Area’s Holey Lands Are An Ecological Treasure

January 1, 2016 clifftop CliffNotes

Volunteers are re-mapping the Fogelpole Cave System using new instruments and technologies that will allow GIS-layered views. Photo courtesy Michael Bradford.

As we celebrate the 200th birthday of Monroe County’s political incorporation, we should not lose sight of the facts that our cultural history runs deeper and longer. The peopling of Monroe, like all places, is a story of feast or famine, booms and busts, successes and failures, and constant change. Native American drumming gave way to French flutes, British pipes, Virginian fiddles and German zithers, each lyriczing short-lived expectations of hegemony.

But real history comes in two interlocked parts: human history and natural history. Monroe County’s natural history runs deeper than and frames the backdrop for the parade of peoples, with the songs of wood thrush, wind through the trees, and babbling springs syncopating our every endeavor and complimenting our cultural legacy.

Monroe County can indeed celebrate many firsts. Along with portions of now neighboring St. Clair and Randolph Counties, our region is where Illinois began: the first area in the state settled by Europeans, the first territory, the first county, and, after statehood, the first state capitol. And, Monroe County, ever unique, is our state’s first and foremost “Holey Land.”

Water within the Fogelpole Cave system helps create habitat for rare and unusual cave-dependent animals. Photo courtesy Steve Taylor, Illinois Natural History Survey.

The magical interaction of water and limestone has created, and continues to create, a singular, lunar-like landscape in the county — a topography called karst terrain. We boast over 10,000 sinkholes and sinkhole ponds, a testimony to our holeyest status. And where there are sinkholes, there are caves; Monroe County has more caves than any county in Illinois. But our greatest claim to celebratory spelean historical fame is Fogelpole Cave, the largest and most biologically diverse cave in the state.

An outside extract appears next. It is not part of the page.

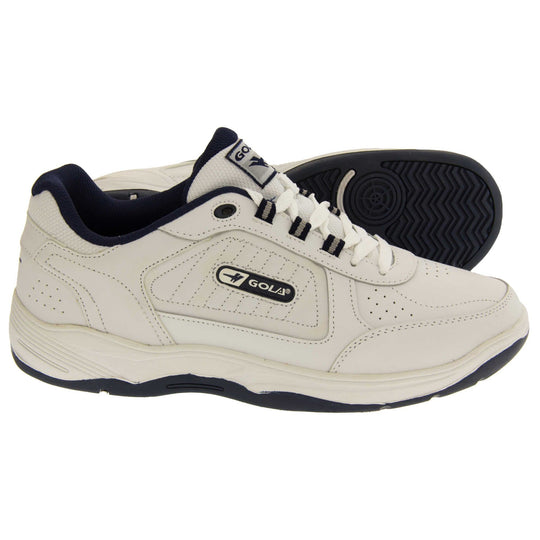 Mens white trainers. Classic trainer style with white leather upper and white stitching detail. White laces and sole with black textile lining. Black and white Gola branding to the side. White outsole with black bottom. Both feet from a side profile with the left foot on its side to show the sole.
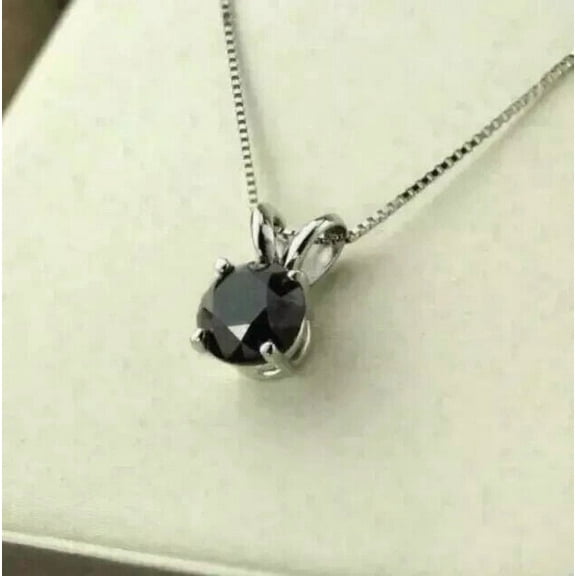 Online jewelry 1.00 Ct Round Cut Black Diamond Solitaire Pendant 14K White Gold Plated Silver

With 15 miles of currently known humanly-navigable passageways, and with ceilings reaching 60 feet, Fogelpole Cave is also the 51st largest cave in the United States. The cave’s main-stem passageway’s stream, located about 80 feet underground, fetches groundwater runoff from every sinkhole in a 4,500-acre recharge basin. Three species of federally-listed bats seasonally use the cave, and the cave system is the permanent home of a rare, federally-listed crustacean found only in Monroe County. In addition, 14 species of invertebrates living in the system can be found nowhere else on Earth.

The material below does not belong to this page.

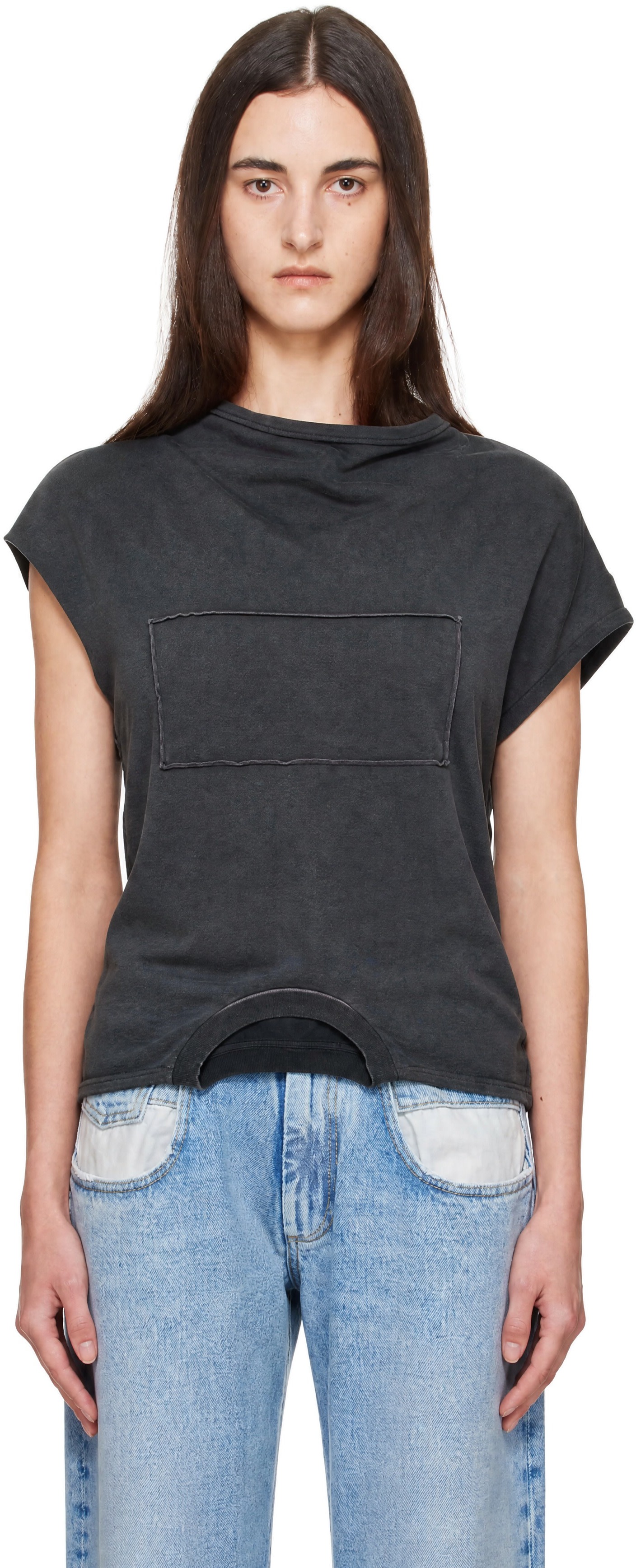 Maison Margiela: ブラック Twisted Upside-Down トップス | SSENSE 日本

The history of Fogelpole Cave, like all of Monroe’s history, is an interdependent story of people and place. Two families are credited with the vision and persistence to protect the cave system as a pristine natural area for future generations.

The Fogelpole family, for whom the cave is named, began farming ground atop a part of the cave system at the turn of the 20th century. Two known and relatively easily accessible entrances to the cave system were on their property. The family, particularly Joe Junior, who never married and was the last of the direct family line, took an active interest in the cave and insured limited access and, so, little damage. In the late 1940’s, young teenager Paul Wightman, son of J.S. Wightman, owner of the still-present Waterloo Wightman Pharmacy family business, discovered the cave, befriended the Fogelpoles, and began a half century of exploration and mapping of the cave system. Paul Wightman, now a Catholic priest and active cave conservationist, consistently encouraged the Fogelpoles to preserve the cave. In 1988, Joe Fogelpole Jr. sold 27 acres, which includes the two cave entrances, to the State of Illinois. The ground, managed by IDNR, is dedicated as the Fogelpole Nature Preserve.

In 2013, Clifftop, a homegrown conservation non-profit organization, purchased 535 acres surrounding Fogelpole Nature Preserve to bolster the cave’s preservation. Local faces can indeed protect great natural places.

Clifftop is hosting a seminar on the biology and geography of Fogelpole Cave on Saturday, January 23rd, 2016, from 1-3 PM, at the Monroe County Annex Building, 100 Illinois Avenue, in Waterloo. Dr. Steve Taylor, University of Illinois cave biologist, and Aaron Addison, Washington University GIS and cave mapping specialist, will lead the seminar. Both are actively involved with Fogelpole Cave

research projects. The seminar is free and open to the public. Registrations are required by January 21st, at clifftop@htc.net or 458-4674.

CLIFFTOP, a local nonprofit organization, is focused on preserving and protecting area bluff lands.  

A version of this article appeared in the 1 January 2016 edition of the Monroe County Independent.